To qualify for the federal campaign aid, candidates -- announced or otherwise -- must raise over $5,000 in each of 20 states through individual contributions of no more than $250.

Baker said the Bush money was raised "through personal contacts with people across the country," instead of through the frequently used direct-mail appeal.

"This is a definite signal of the strength of the Bush candidacy," Baker said.

Bush agreed. The accomplishment shows "a breadth of support" for his undeclared candidacy, he said in the television interview. "It shows a significant development -- that I can draw support from across the country."

Bush said he wants "very much to be president," but added that he will keep his undeclared status for about three more months.

"There's a time to prepare and a time to declare, and right now we're preparing," Bush said.

He is not alone.

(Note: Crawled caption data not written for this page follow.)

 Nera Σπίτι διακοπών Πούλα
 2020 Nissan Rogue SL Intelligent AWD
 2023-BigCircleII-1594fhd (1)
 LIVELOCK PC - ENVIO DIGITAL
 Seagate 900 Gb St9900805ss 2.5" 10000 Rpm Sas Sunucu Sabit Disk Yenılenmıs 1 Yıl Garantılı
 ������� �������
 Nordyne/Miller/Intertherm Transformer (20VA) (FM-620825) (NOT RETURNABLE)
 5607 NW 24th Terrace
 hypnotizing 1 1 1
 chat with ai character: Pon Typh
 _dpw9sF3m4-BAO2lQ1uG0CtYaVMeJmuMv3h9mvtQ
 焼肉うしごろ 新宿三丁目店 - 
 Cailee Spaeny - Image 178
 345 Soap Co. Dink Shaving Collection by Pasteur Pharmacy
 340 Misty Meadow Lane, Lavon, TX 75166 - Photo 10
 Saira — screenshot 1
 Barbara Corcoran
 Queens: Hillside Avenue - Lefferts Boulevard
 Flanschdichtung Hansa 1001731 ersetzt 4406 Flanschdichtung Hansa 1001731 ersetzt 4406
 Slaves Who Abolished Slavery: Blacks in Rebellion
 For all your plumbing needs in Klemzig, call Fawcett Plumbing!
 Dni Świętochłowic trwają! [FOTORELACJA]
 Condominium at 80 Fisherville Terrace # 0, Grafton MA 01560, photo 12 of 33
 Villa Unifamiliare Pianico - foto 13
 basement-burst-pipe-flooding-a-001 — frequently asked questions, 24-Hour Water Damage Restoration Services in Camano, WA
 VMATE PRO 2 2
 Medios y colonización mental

Yesterday, announced Republican candidate John B. Connally was telling a "Meet the Press" (NBC, WRC) panel that he is prepared to do battle with those who criticize him for having left the Democratic Party six years ago to join forces with then-President Nixon, whom he served as secretary of the treasury.

"I am reminded of the words of Winston Churchill," Connally said in a solemn voice. "Winston Churchill said: 'Some men change their principles for their party. Others change their party for their principles.'

"I feel I am in the latter category," he said.

Connally, who announced his candidacy last week, said he expects to qualify for federal matching campaign funds "in a matter of four days' time."

"As a matter of fact, contributions are coming in from all over the country, voluntary contributions. We haven't even had time to check them, to see whether we qualify. But I suspect we are very close to it," Connally said. He said he is using a directmail appeal in his campaign.

Both Connally and Bush shied away from any direct attack on President Carter. Bush, however, did fire a political warning shot in the air.

"One of his big problems today is the perception of inability to cope," Bush said of Carter. He said he sees no similar perceptual difficulties for himself because, "I have got the experience."